İNCELEME VE GEREKÇE :
Davanın Hukuki Niteliği: Dava, icra takibine yapılan itirazın iptali davasıdır.
Davanın Hukuki Sebebi: İtirazın iptalini düzenleyen 2004 sayılı İcra ve İflas Kanunu(İİK)'nun 67/1,2. Maddesindeki "Takip talebine itiraz edilen alacaklı, itirazın tebliği tarihinden itibaren bir sene içinde mahkemeye başvurarak, genel hükümler dairesinde alacağının varlığını ispat suretiyle itirazın iptalini dava edebilir.

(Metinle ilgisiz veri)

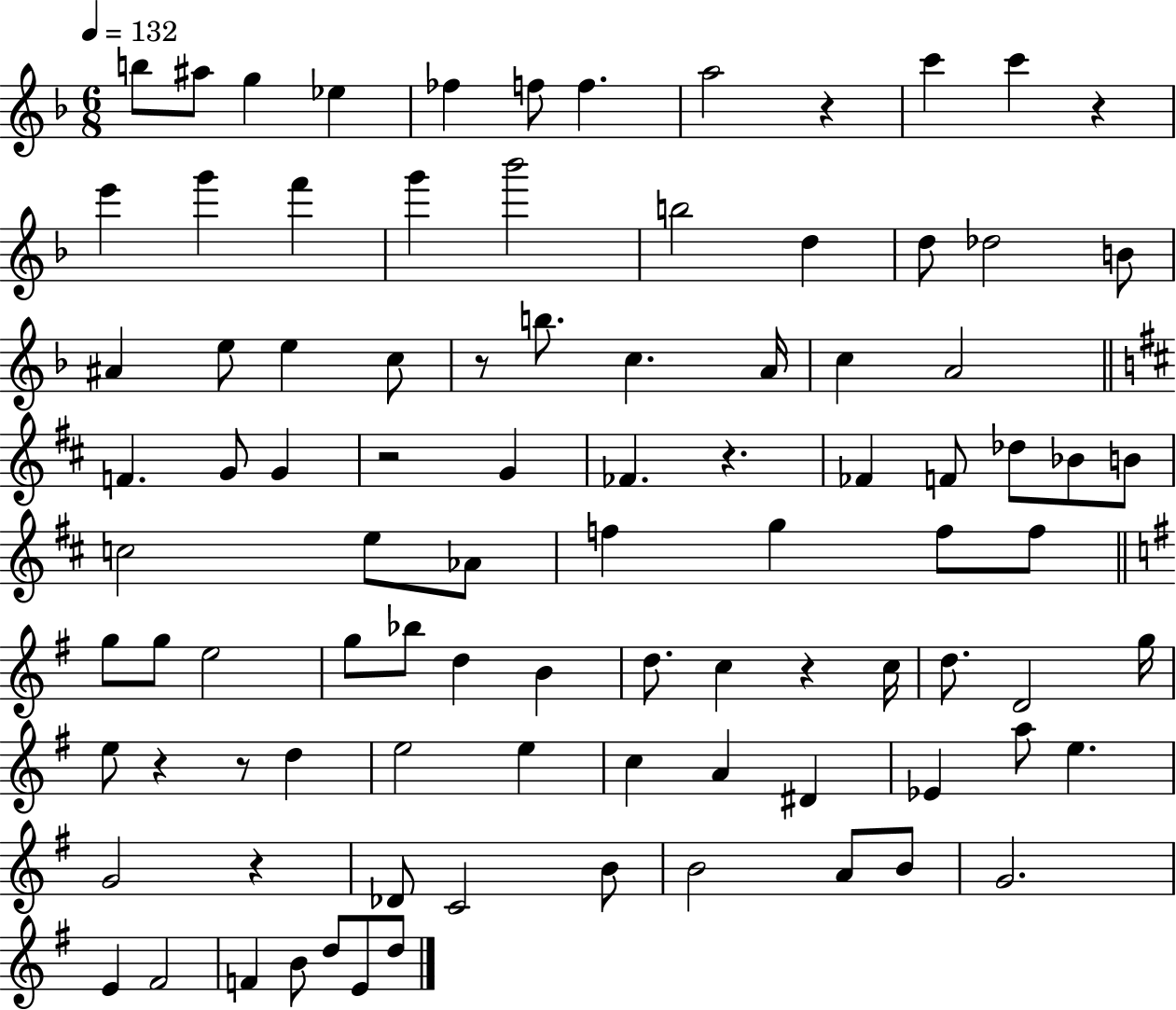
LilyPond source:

Celp ve tetkik edilen ---- dosyasında; davacı takip alacaklısı tarafından ----tarihli takip talebi ile davalılar takip borçluları hakkında ipoteğin paraya çevrilmesi yolu ile takip başlatıldığı, ödeme emrinin davalı takip borçlularına tebliği üzerine davalı takip borçlularının süresi içerisinde, borca ve ferilerine karşı itiraz ettiği ve bunun üzerine takibin durduğu, itiraz dilekçesinin ve/veya takibin durdurulmasına ilişkin kararın davacı takip alacaklısına tebliğ edilmediği, eldeki davanın 1(bir) yıllık hak düşürücü süre içerisinde açıldığı anlaşılmıştır.
Davacı ile davalı ----arasında bayiilik ilişkisi bulunduğu, bayilik ilişkisinde davalı şirketin muhtemel borçlarının teminatı olarak davalı tarafından----- adına kayıtlı taşınmaz üzerinde davacı şirket lehine birinci dereceden ------bedelli ipotek tesis edildiği, davacı tarafından davalı şirketin borcu bulunduğu gerekçesiyle davalılar aleyhine ipoteğin paraya çevrilmesi yoluyla takip yapıldığı takibe itiraz edilmesi üzerine eldeki davanın açıldığı anlaşılmıştır.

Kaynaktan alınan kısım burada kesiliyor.